GSoC CM collaboration
Tomas Carnecky
tom at dbservice.com
Mon Mar 3 09:47:09 PST 2008
Olivier Galibert wrote:
> On Mon, Mar 03, 2008 at 04:41:08PM +0100, Tomas Carnecky wrote:
>> I was thinking about special atoms attached to windows that specify in
>> which colorspace/profile its contents are [...]
>
> You can have one window split on multiple monitors, you can have one
> window cloned on multiple monitors. Dunno if you can have a
> combination of both, but I don't see why not. Requires 3 simultaneous
> video outputs though, which is still rare nowadays.
But the colorspace/profile stays the same for the whole window, so it
make sense to attach that information to the window rather then anything
else.
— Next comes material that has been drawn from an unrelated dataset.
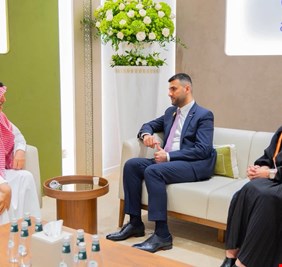 وزير الكهرباء يبحث مع «أكوا» السعودية مضاعفة سعة محطة الطاقة الشمسية في النجف إلى 2000 ميغاواط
Whether part of the window is displayed on different monitors is
the problem of whoever does the colorspace transformation.
In case of twinview/xinerama, where the layout of the monitors is known,
it should be possible to apply different transformation depending on on
which monitor a particular part of the window is displayed. In the case
of cloned windows, it depends on who does the cloning. If its the
compositing manager then nothing changes, the cloned window is simply
treated as a separate window and the appropriate transformations are
applied. If the cloning is done using xrandr, eg. the very same
framebuffer is scanned out to two different monitors, then you're out of
luck.
The color transformation should be preferably done on the GPU. The
newest chips, with 1 teraflops and more, are fast enough and it would
lighten the pressure on the CPU. The downside? Older chips with no
support for shaders would be not be able to support this type of color
management.
Then there is the question whether the transformation should be done in
the xserver or in a client (eg. compositing manager). I don't know how
hard it would be to add that kind of OpenGL code to the xserver core.
There certainly wouldn't be a performance downside - now that OpenGL is
accelerated on the server-side (AIGLX). But that approach would require
much more complex changes than a client-side solution.